Sun, 04 Jan 2004

Milan: Perfect past and present on its streets

Stevie Emilia, The Jakarta Post, Milan, Italy

After wrestling with environmental terms at a conference for two straight days and trying not to make them sound like gobbledygook, I decided I needed a break.

So, I made my way to downtown Milan, or "Milano" in the sing- song accent of most Milanese, at least when they are in a happy mood.

In no time, I found myself stepping into the pages of a glossy fashion magazine, with the sculpted faces of model lookalikes all around me, swirling by in designer clothes and wafting fragrant scents along with them.

The biting winter breeze was gone in an instant, and I was overcome by a wave of inspiration, ready to return to those hard terms all over again.

But they could wait. After all, I was in one of the world's most glamorous fashion capitals, home to the biggest names -- Armani, Valentino, D&G, Prada, Ferre -- to name just a few.

Yet it's more than just a global fashion center, also home to great food, architecture landmarks and world masterpieces.

And as I sat in a cafe savoring my piping-hot cappuccino, in the hope of finding enough time to use my journalistic instincts for something other than environmental issues, I found that right there at Piazza Duomo square there was much more to Milan than simply brand names.

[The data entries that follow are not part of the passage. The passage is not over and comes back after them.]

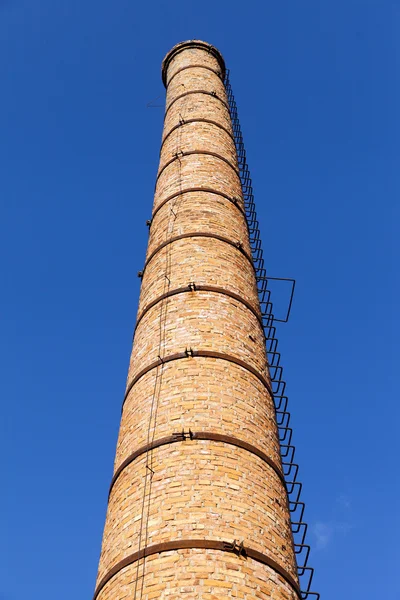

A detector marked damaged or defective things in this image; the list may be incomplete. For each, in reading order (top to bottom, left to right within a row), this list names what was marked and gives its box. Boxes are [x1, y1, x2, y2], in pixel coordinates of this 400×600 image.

rusty metal band [165, 64, 222, 88]
rusty metal band [165, 90, 228, 119]
rusty metal band [159, 116, 234, 150]
rusty metal band [155, 149, 238, 182]
rusty metal band [152, 188, 245, 220]
rusty metal band [141, 232, 253, 276]
rusty metal band [135, 286, 262, 332]
rusty metal band [122, 350, 272, 410]
rusty metal band [108, 432, 284, 496]
rusty metal band [94, 540, 300, 600]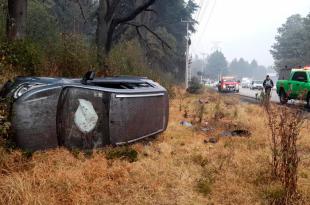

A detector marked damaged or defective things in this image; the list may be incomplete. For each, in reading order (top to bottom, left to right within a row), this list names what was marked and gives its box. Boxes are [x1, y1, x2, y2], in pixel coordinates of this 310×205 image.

overturned dark car [0, 71, 170, 151]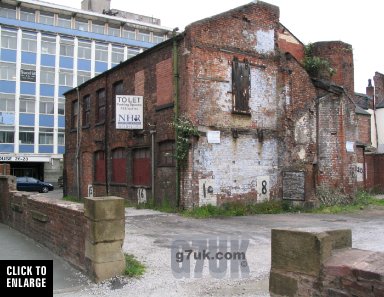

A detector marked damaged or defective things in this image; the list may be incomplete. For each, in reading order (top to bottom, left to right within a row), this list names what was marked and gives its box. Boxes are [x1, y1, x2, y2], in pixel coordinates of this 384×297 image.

peeling paint surface [254, 29, 274, 54]
broken window [231, 57, 252, 114]
peeling paint surface [194, 135, 278, 198]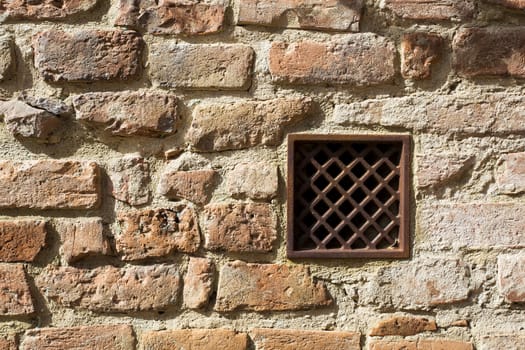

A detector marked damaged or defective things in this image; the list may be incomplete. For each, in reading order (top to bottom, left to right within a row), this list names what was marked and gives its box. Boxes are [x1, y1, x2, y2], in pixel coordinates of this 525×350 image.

rusty iron grate [286, 133, 410, 258]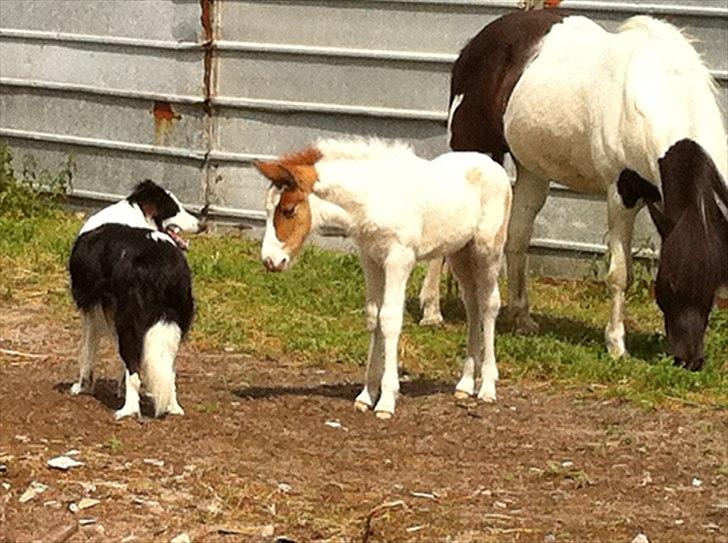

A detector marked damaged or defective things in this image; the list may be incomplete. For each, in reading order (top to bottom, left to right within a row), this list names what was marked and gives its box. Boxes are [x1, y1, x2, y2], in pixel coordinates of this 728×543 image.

rust stain [153, 101, 180, 146]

For the square itself boasts a perfect blend of past and present.

The rectangular square -- called "the mirror of Milan and the Milanese" by my tourist guidebook -- is the place where one can find Il Duomo, the Cathedral. The monument to Victor Emmanuel II by Ercole Rosa is out front, while on its flanks modern shopping malls run busy businesses inside well-maintained old buildings.

The Cathedral -- the second largest church in Italy and the third in the world after St. Peter's in Rome and the Cathedral of Seville in Spain -- is probably the most gigantic and intricate Gothic building in the city.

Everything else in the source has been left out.